The Devil May Dance
Page 17
“Yeah?” Sinatra said, confused.
“Sending flowers to the Bechmanns?”
“Who?” Sinatra asked.
“Lola’s real name was Mary Bechmann,” Charlie said.
“Ah,” said Sinatra.
“Did you ask Beans to send her family flowers?” Fontaine asked.
“I may have,” Sinatra said, irritated, looking up from the Oscar nominees. “Is there a problem?”
“Do you think that’s wise?” Fontaine asked. “No one knows you knew her.
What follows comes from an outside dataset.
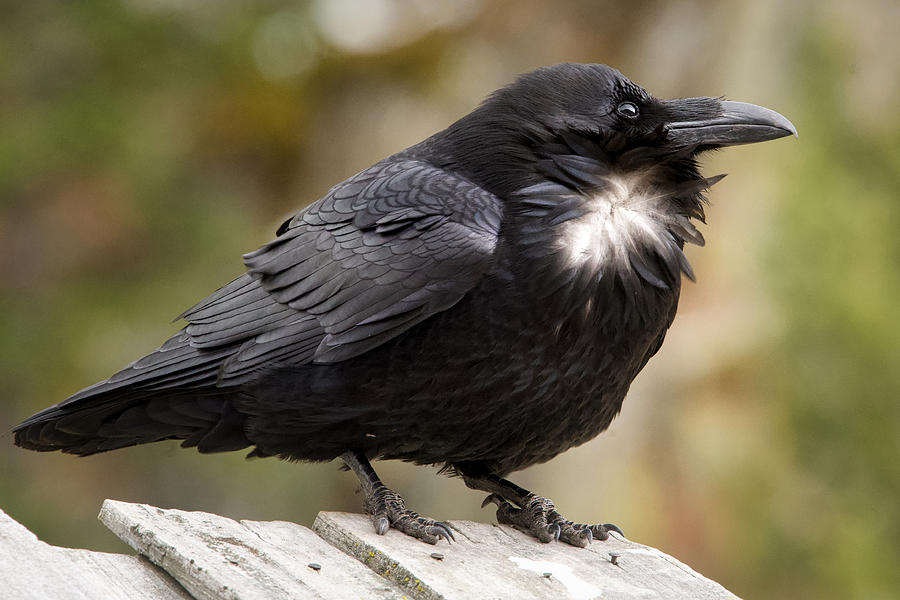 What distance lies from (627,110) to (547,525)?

Why let the parents know?”
Sinatra frowned. “Just tryin’ to be nice.”
“Of course, of course,” Fontaine said reassuringly. “But let the studio take care of that. Lola was working on Kid Galahad, she had a bit part, so UA is going to send flowers. Okay?”
“She was a fun time, Lola,” Sinatra said. “But young, you know?”
“Sixteen,” Charlie said.
“What?” Sinatra said, genuinely shocked.
“That’s what the cops said.”
“That can’t be true!”
“It is, Frank,” Fontaine said.
“That’s horrible,” Sinatra said. “Looked a lot older.”
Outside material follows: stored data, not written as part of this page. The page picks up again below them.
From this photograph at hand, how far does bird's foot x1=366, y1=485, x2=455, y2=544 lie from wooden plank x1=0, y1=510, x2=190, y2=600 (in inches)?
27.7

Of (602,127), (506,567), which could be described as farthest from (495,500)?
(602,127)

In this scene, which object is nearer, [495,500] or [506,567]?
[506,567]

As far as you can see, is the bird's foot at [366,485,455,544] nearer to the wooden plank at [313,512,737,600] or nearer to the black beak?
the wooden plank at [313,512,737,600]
“At least eighteen,” Fontaine said.
Charlie couldn’t tell if he was joking.
“I met her at a party at Lawford’s,” Sinatra recalled. “She walked in wearing one of those short skirts.” His facial expression made it clear his memory was taking him down a tawdry path. “Oh, Charlie, don’t get so high and mighty,” Sinatra said, noting his look of disgust. “I saw you talking to her. You weren’t discussing the Bay of Pigs.”
“I didn’t say anything!” Charlie protested.
“Your face is a Sunday sermon,” Sinatra spat.
“Who else was she with?” Charlie asked. “Who else did she date?”
“Everyone,” Sinatra said. “Powell, obviously. Last time I saw her was at a party at Van Heusen’s.”
“Whatever happened to that?” Charlie asked. “Powell.”
Fontaine shrugged. “Last I heard, it was Mob debts,” he said.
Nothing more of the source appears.